I’ve been asked to appear in a TV news show this evening concerning this topic, and will post the video (probably heavily edited by the outlet, as before) on our YouTube channel as soon as I can. A piece in today’s Times by Andrew Ellson, Consumer Affairs Correspondent:
Adverts that perpetuate harmful gender stereotypes, such as men struggling with household chores or girls being less academic than boys, will be banned from today.
The advertising watchdog said that the new rules did not mean a ban on all gender stereotypes, only those likely to cause harm or serious or widespread offence.
Scenarios likely to be problematic would include a man with his feet up while a woman takes sole responsibility for cleaning up a family’s mess or a woman unable to park a car. However, adverts that depict women cleaning or a men doing DIY will still be considered acceptable.
Advertisers will also have to tread carefully when, for example, contrasting a daring boy with a caring girl, or belittling a man for carrying out stereotypically “female” roles or tasks, the Committee of Advertising Practice warned.
The new rules follow a review that found that some campaigns could reinforce harmful stereotypes, and in turn could restrict people’s choices, aspirations and opportunities.
The Advertising Standards Authority (ASA) already applies rules on offence and social responsibility to ban adverts which include gender stereotypes on grounds of objectification, inappropriate sexualisation, and depiction of unhealthily thin body images.
The advertising committee said that the evidence from the review did not show that gender stereotypes were always problematic or that the use of seriously offensive or potentially harmful stereotypes was endemic.
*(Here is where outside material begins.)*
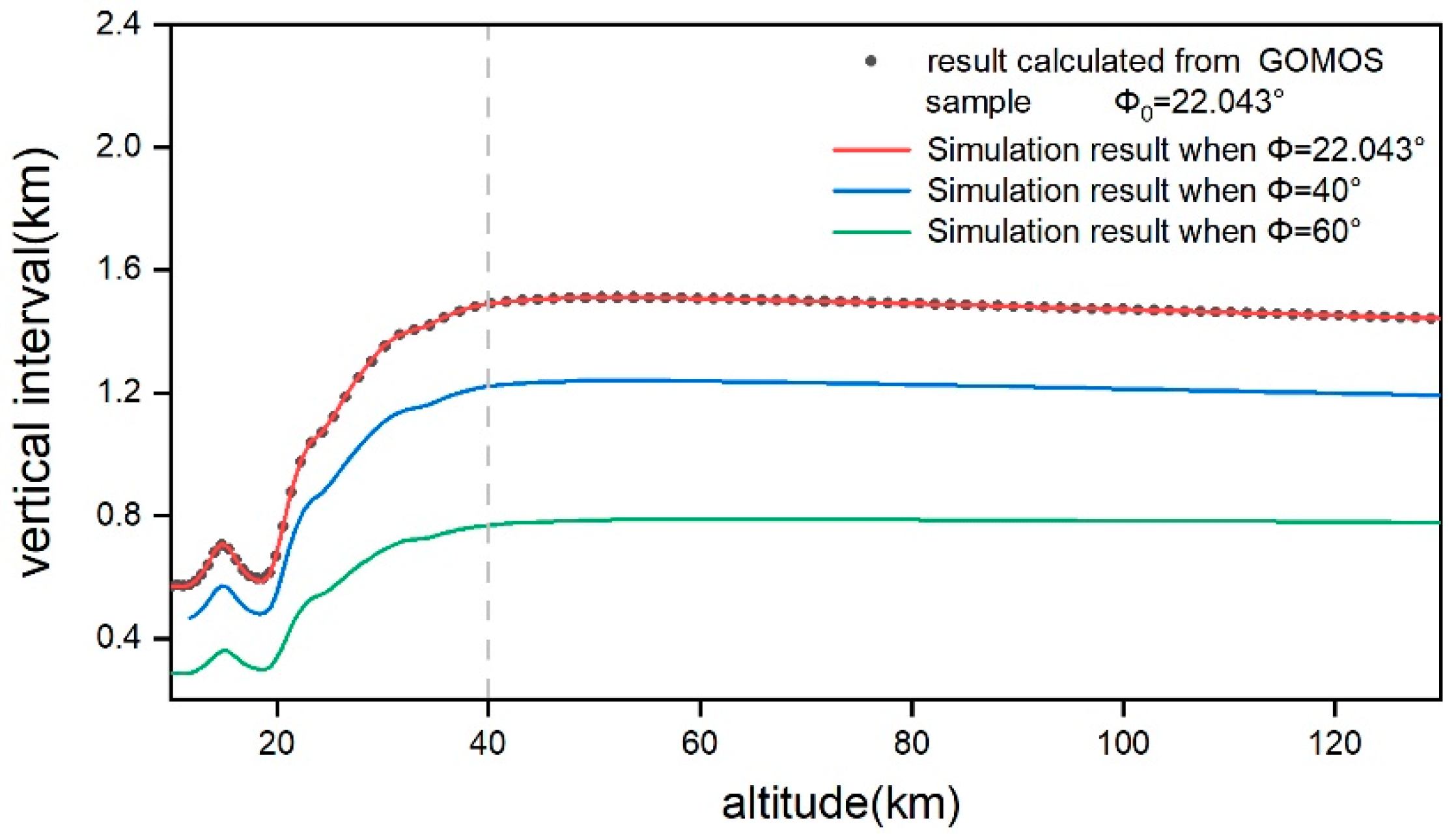 Remotesensing 16 03616 g007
It said that the aim of the new rule was therefore to identify specific harm that should be prevented rather than banning gender stereotypes outright.
The advertising industry has had six months to prepare for the rule, and the ASA will now deal with any complaints it receives on a case-by-case basis.
The committee will carry out a review in 12 months’ time to make sure the rule is meeting its objective.
Guy Parker, of the advertising watchdog, said: “Our evidence shows how harmful gender stereotypes in ads can contribute to inequality in society, with costs for all of us. Put simply, we found that some portrayals in ads can, over time, play a part in limiting people’s potential.
“It’s in the interests of women and men, our economy and society that advertisers steer clear of these outdated portrayals, and we’re pleased with how the industry has already begun to respond.”
Stephen Woodford, chief executive of the Advertising Association, said: “Advertising at its best should be a positive and progressive force in society. The new rule on tackling harmful gender stereotypes in adverts from the Committees of Advertising Practice is an important addition to the expectations we all have for responsible advertising.”